It’s that special time of year that wine growers both yearn and stress for: harvest season. “What can be so stressful about harvest?” you might ask. To sum it up quite simply, your entire year’s worth of work is determined by making the right decisions during harvest. Make the wrong moves, pick too soon, or wait too late, and that entire year’s vintage can be compromised. This is the part of the winemaking process that requires the most attention to detail because most variables are in play. So just how do winegrowers make the call to start picking?
When to Harvest
The months leading up to harvest season are all about looking for certain indicators in the grapes. Veraison is one of the main indicators. Veraison occurs when the pigment in the grape’s skin begins shifting from bright green to darker hues. You can also notice the grapes softening and rapidly increasing in their size. After the veraison phase, there is about a 30-70 day ripening period before grapes reach full maturity. Winegrowers want to be very meticulous when deciding when their grapes have reached full maturity. If they were to pick too early, the grapes would lack a certain ripeness needed to produce a quality bottle of wine. So why not just play the long game to be safe? This is where more variables can come into play and make things tricky. The primary goal of winemaking is to allow the maximum number of grapes to reach their pinnacle of ripeness. This is how wine gets labeled as a “full-bodied” wine. Heat and sun exposure are the greatest determinants for how ripe a wine will be. This is why there are risks when waiting too long to harvest. As summer shifts to autumn, the weather becomes less predictable and there is a higher chance for cloudy or rainy days. A few of these can be enough to completely disrupt the quality of the grapes. Winegrowers are walking a tight rope during late summer and early autumn to determine the most opportunistic time to start their harvest.
How to Harvest
Through the process of testing the Brix (sugar level) of the grapes and forecasting the weather, winegrowers are able to decide on the most optimal time to start picking. When the time is right, winegrowers will get a crew together to start picking early in the morning before the sun rises. The darkness combined with cooler temperatures allows for more stable acid levels when picking. Larger wineries producing in bulk typically use machinery to assist them with the harvest. For smaller wineries like ours, we will hand-pick the grapes from the vines. Using nothing but sheers and a grape bin, vineyard crews will harvest as much as they can in the designated plots on the vineyard until the sun comes up. Once all the grapes are picked, they must be rushed back to the winery for sorting. Winegrowers will go through a process known as “triage” to separate the quality bunches of grapes from the inferior bunches. This process is typically done by hand, but as technology improves, more and more wineries rely on machinery to handle the triage process. Once the best bunches of grapes have all been selected, it’s time to stomp! Well, not literally. Most wineries use an automated machine to handle the crushing process. Once crushed, the harvest has officially been completed and the long months of fermentation begin.
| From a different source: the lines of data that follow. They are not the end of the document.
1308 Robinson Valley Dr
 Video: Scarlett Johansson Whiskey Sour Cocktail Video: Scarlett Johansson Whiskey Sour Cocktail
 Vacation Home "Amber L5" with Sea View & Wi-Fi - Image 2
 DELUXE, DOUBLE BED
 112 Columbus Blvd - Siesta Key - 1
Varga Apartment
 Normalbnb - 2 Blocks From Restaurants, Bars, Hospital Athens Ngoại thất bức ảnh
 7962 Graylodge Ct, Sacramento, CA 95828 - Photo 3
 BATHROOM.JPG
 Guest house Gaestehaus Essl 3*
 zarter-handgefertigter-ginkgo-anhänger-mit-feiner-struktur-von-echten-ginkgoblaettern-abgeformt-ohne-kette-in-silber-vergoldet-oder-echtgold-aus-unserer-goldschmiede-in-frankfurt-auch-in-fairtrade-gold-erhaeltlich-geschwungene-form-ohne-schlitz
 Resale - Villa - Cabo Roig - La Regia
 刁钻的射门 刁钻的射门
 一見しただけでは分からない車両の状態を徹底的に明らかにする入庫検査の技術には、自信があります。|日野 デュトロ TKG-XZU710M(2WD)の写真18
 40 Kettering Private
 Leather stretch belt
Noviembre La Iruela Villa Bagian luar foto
To put it simply, harvest season is like a sport’s playoff in the wine world. You have been working all year to achieve the goal of making the best wine possible. Harvesting too early or too late can feel like your team got knocked out in the first round – all that work for a poor result. But, if you get everything right, it truly feels like hoisting the Lombardy trophy over your head. At Baldacci Vineyards, we embrace the challenges of harvest and we strive to make each year a championship season.